==== Input data
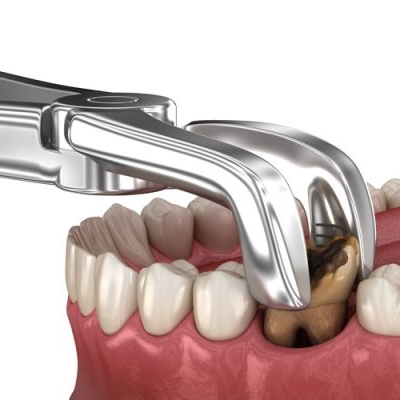 Nhổ Răng Có Đau Không? Sự Thật và Hiểu Lầm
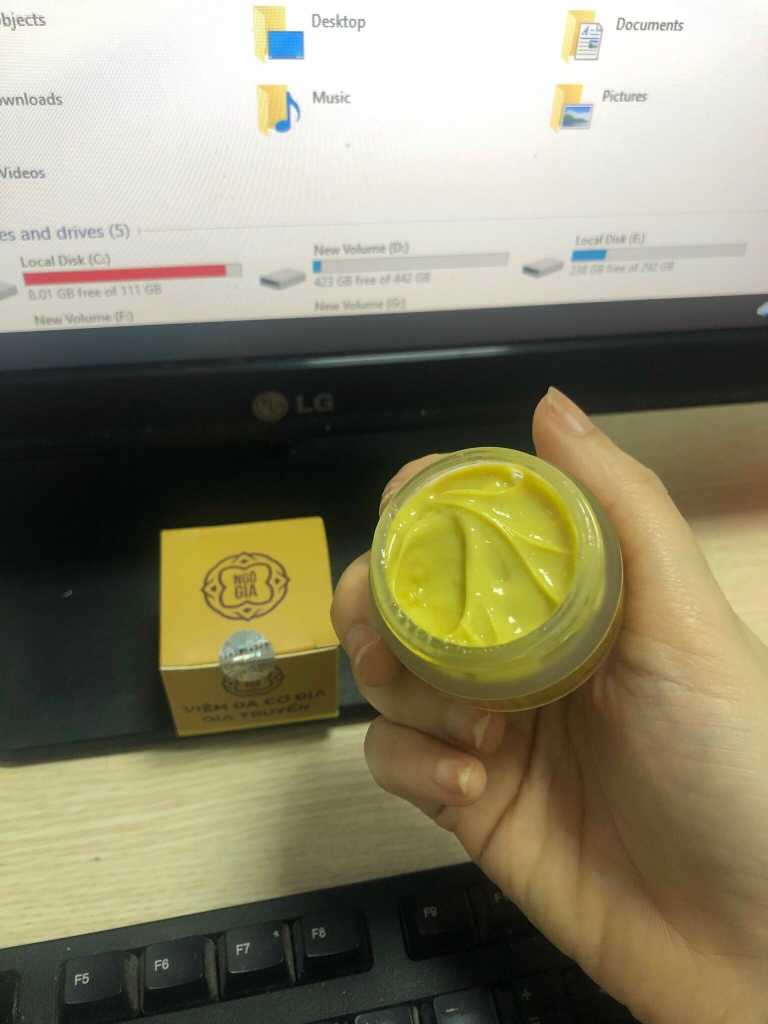 Viêm Gia Cơ Địa Ngô Gia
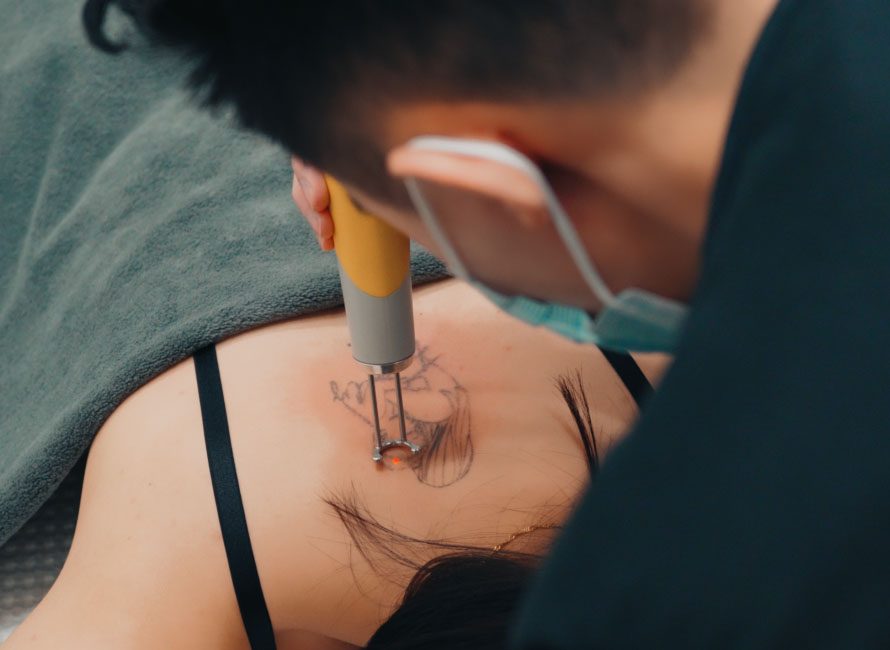 Comprehensive Guide to Laser Tattoo Removal Aftercare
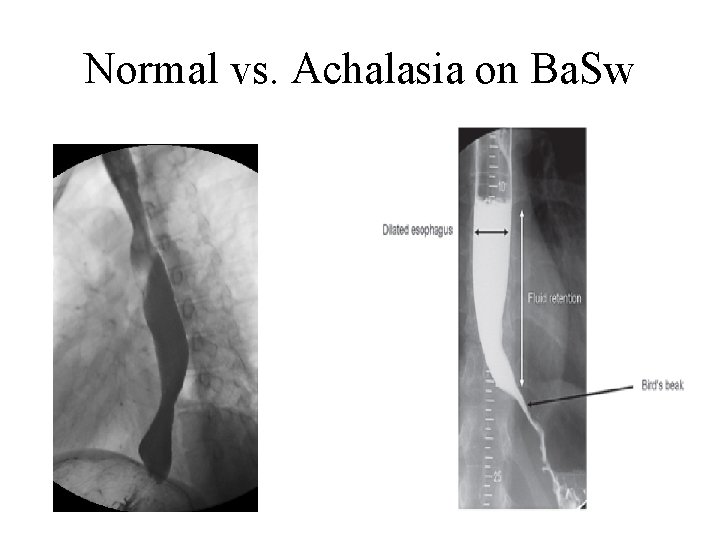 Normal vs. Achalasia on Ba. Sw 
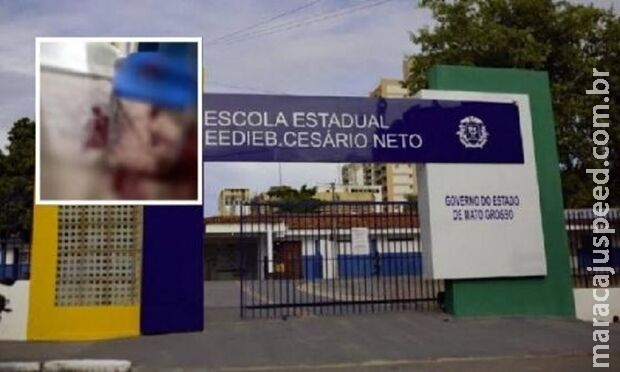 Estudante é ferida a canetadas dentro de sala de aula no MT Estudante é ferida a canetadas dentro de sala de aula no MT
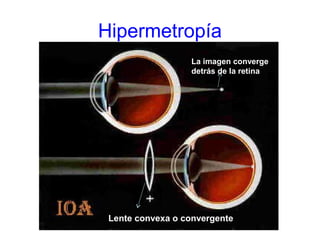 Hipermetropía
La imagen converge
detrás de la retina
Lente convexa o convergente
 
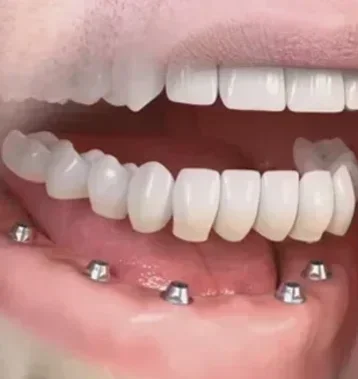 Имплантация All-on-6 (все зубы на 6 имплантах)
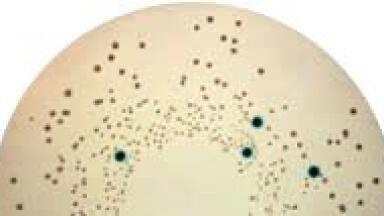 New Media for Cronobacter Sakazakii Isolation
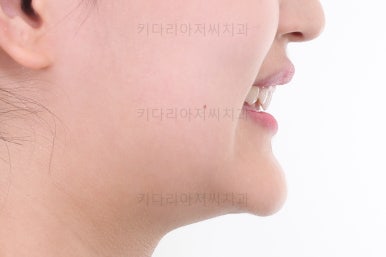 부산옥니교정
========
About this task:
Word for word, output the whole listing, but not its pictures.

Problem solution:
 Nhổ Răng Có Đau Không? Sự Thật và Hiểu Lầm
 Viêm Gia Cơ Địa Ngô Gia
 Comprehensive Guide to Laser Tattoo Removal Aftercare
 Normal vs. Achalasia on Ba. Sw 
 Estudante é ferida a canetadas dentro de sala de aula no MT Estudante é ferida a canetadas dentro de sala de aula no MT
 Hipermetropía
La imagen converge
detrás de la retina
Lente convexa o convergente
 
 Имплантация All-on-6 (все зубы на 6 имплантах)
 New Media for Cronobacter Sakazakii Isolation
 부산옥니교정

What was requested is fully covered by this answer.